WHAT THE TASK ASKS – Could you please return each line of the data that has the word "Peugeot"?

┄┄┄┄┄┄

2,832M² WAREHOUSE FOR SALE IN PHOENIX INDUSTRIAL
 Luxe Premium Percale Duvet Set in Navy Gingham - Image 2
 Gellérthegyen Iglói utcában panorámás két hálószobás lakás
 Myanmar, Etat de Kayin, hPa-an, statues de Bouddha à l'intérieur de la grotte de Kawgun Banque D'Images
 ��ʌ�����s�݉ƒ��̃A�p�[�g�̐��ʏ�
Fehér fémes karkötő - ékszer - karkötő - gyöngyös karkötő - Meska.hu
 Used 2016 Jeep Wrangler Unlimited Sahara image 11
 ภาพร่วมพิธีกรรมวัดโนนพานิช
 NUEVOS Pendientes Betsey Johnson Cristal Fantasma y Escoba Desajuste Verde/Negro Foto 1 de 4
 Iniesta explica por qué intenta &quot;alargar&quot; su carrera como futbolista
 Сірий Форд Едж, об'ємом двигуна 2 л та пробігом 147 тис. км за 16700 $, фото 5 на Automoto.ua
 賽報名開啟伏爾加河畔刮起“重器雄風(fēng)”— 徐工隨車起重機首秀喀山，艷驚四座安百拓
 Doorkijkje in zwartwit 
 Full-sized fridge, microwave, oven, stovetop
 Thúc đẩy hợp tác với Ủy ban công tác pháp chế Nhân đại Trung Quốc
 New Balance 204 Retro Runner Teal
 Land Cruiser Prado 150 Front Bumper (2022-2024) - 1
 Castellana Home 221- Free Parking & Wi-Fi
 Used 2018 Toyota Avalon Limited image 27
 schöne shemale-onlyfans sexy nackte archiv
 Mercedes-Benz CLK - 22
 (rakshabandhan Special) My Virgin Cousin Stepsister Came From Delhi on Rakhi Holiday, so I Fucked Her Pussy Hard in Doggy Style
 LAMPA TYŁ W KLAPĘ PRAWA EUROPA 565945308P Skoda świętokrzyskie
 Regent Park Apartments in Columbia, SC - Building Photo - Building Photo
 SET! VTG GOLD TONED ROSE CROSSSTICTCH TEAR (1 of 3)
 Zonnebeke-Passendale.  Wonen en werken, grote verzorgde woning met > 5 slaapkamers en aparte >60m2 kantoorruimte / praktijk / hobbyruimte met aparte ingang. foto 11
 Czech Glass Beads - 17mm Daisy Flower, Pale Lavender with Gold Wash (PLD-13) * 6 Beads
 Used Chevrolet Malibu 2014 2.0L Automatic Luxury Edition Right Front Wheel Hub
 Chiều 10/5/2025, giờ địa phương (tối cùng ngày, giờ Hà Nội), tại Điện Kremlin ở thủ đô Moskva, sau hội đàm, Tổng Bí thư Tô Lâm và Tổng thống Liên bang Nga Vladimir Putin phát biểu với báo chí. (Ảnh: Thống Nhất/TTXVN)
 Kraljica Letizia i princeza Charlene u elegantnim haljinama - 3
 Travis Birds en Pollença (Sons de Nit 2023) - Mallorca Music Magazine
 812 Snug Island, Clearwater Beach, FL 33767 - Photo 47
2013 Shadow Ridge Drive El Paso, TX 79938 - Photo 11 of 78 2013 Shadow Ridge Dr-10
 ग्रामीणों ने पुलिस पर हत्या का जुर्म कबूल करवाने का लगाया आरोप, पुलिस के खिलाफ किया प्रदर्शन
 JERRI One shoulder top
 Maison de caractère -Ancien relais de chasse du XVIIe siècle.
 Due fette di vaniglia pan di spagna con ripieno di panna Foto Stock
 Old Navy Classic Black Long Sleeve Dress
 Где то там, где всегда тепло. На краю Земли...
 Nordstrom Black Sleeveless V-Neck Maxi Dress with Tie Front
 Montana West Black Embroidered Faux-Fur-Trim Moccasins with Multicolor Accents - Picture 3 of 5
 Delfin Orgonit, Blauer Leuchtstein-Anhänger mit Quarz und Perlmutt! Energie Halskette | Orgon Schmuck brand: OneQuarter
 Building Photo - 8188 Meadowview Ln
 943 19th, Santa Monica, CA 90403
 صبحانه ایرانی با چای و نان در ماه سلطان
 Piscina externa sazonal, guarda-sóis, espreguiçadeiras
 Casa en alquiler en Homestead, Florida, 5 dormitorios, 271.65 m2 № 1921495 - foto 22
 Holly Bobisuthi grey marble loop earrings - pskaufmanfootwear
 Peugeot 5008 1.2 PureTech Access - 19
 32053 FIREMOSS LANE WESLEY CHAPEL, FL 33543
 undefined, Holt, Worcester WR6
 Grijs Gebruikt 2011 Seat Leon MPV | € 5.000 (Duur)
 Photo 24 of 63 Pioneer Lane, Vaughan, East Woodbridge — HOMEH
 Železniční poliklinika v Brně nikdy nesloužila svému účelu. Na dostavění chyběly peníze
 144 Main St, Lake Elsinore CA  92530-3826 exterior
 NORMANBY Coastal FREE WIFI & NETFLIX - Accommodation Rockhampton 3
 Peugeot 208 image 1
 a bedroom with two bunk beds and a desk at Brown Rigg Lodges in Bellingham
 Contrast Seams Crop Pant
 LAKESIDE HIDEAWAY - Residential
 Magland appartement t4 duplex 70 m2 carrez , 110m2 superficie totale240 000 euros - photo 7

┄┄┄┄┄┄

ANSWER BOX –
 Peugeot 5008 1.2 PureTech Access - 19
 Peugeot 208 image 1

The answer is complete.